The best and brightest among us know how to take this power back. The best and brightest among us (that’s you!) know that you only momentarily misplace it from time to time. As my mom (the best angel-mom) says to me in those moments when she hears me spinning in my own fear-driven thoughts, “Remember, Ali: The force is with you.” 

What part of us gets hooked on what the outside world thinks? Our wily ego worries about these things, as if our worth is in the hands of something outside of us. Until we unwind deeper inwards do we realize that it’s only when we find safety, love and belonging in ourselves first and foremost, and it’s there, then, that we become rooted to something other than just to the tug and pull of the world. We can move through the world with the presence of ‘a thunder perfect mind’ in accordance with our own heart. (Easier said than done, I’ll admit.) 

Who we are without the ill-placed longing for the baubles that our ego reaches for is the nakedness where the truth of things live, and where we are with the truth of who we are. I am reminded of  Lewis Carroll’s Through the Looking Glass when Alice in Wonderland enters the Woods With No Name. As she enters this forest, she forgets her name and is guided by a deer, who also has no name. As the story goes…

“So they walked on together though the wood, Alice with her arms clasped lovingly round the soft neck of the Fawn, till they came out into another open field, and here the Fawn gave a sudden bound into the air and shook itself free from Alice’s arms. “I’m a Fawn!” it cried out in a voice of delight, “and, dear me! you’re a human child!” A sudden look of alarm came into its beautiful brown eyes, and in another moment it had darted away at full speed.”

For a while, Alice and the fawn had a direct experience of non-ego. This is perhaps one of the most peaceful and loving scenes in either of the books detailing Alice’s adventures in Wonderland. The direct experience of non-ego is also one of the most peaceful and loving scenes we can arrive at for ourselves every once in a while, as a sweet respite from the bizarre and frightening things we experience in our own mental wonderlands. 

“What we wear without realizing it is the ego,” writes Meggan Watterson, author of Mary Magdalene Revealed. “It’s the stories we’ve covered ourselves with or the stories we have used to obscure the truth of who we really are. And the ego is so well-meaning. It’s like the helicopter mom who thinks we need protection and thinks fear will keep us safe. The ego builds up all these layers of why we should be afraid of who we are, or why we should feel shame about who we’ve been.” 

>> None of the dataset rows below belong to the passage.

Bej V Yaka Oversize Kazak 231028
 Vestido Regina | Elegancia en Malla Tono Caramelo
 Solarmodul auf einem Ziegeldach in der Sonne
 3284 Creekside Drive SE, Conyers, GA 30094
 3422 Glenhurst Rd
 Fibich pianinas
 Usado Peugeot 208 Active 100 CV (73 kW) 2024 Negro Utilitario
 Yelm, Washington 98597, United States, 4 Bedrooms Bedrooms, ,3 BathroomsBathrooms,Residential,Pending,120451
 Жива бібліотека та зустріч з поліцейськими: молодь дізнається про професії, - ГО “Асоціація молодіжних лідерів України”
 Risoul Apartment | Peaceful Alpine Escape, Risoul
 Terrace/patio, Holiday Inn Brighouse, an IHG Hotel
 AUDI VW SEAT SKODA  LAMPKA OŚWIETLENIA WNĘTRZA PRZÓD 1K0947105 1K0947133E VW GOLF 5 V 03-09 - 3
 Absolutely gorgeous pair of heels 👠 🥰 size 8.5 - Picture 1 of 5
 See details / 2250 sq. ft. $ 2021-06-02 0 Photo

“Don’t let the rules, projections, and expectations of a society that doesn’t see your true image define you,” Watterson cautions us. I’m not sure who else might find an exquisite leadership book inside of her new book on Mary Magdalene, but I sure did. While pouring over each page, it was clear to me that Mary Magdalene was perhaps the first executive coach. If she was still alive, I’d hire her at Reboot stat. 

Bear with me while I muse a bit: If Mary Magdalene was a present-day executive coach, she’d help us upgrade us from our egoic operating system so that we can react differently. “How can you find yourself in the moments where you feel lost, alone, heartbroken, not sure what to do?” she’d ask. I imagine she’d write articles for WIRED and INC titled “The 7 Secrets of a Successful Leader”, and the enumerated points would sound something like these lines from Watterson’s book: 

  1. Learn to see with the eye of the heart.
  2. No one outside of you knows more than you do about you. You do not need to give away any of your power to anyone, ever.
  3. Know your worth. Believe in yourself, in your own voice, in what you know is true, even if the world around you does not confirm this truth for you.
  4. Move from power over to power with.
  5. You can always begin again.
  6. Doing your inner work is the key to freedom. The inner transformation creates the outer transformation.
  7. Love yourself enough to ask for assistance. 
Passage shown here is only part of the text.